Last week’s win over Benfica came in the 100th Chelsea home game in the Champions League at Stamford Bridge. To celebrate that landmark we look back to the very first.

The Blues brought up our century at home in Europe’s top club competition in style, as Pedro Neto and Alejandro Garnacho forced Benfica defender Richard Rios into putting the ball in his own net. That proved to be the only goal of the game, giving us our 62nd victory from 100 home games in the tournament.

The very first Chelsea fixture in the Champions League was also played at Stamford Bridge, when we made our long-awaited bow among the European elite a little over 26 years ago in August 1999.

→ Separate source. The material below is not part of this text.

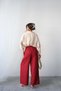 Summer Relaxed Cut High Waist Rope Lace-Up Wide Leg Loose Palazzo Trousers - Red - 7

The Blues were a club on the rise under manager Gianluca Vialli – a Champions League winner as Juventus captain just three years earlier – and had secured a spot in the Champions League for the very first time by finishing third in the 1998/99 Premier League table, even if we missed out on the title by four points.

Some high-profile ties against the likes of AC Milan, Galatasaray and Barcelona awaited, but first we had to finish the job of reaching the competition proper, by progressing through the preliminary stages. We entered in the final qualifying round, just one win away from the group stages.

The opponents for that game weren’t quite as illustrious as those who were to come, when we took on Latvian league winners Skonto Riga in a two-legged tie – although they had famously led Barcelona 2-0 at the Nou Camp in the competition two years earlier. As strange as it may seem these days, of the two sides Chelsea and Skonto, it was the latter who possessed by far the more Champions League experience going into the game.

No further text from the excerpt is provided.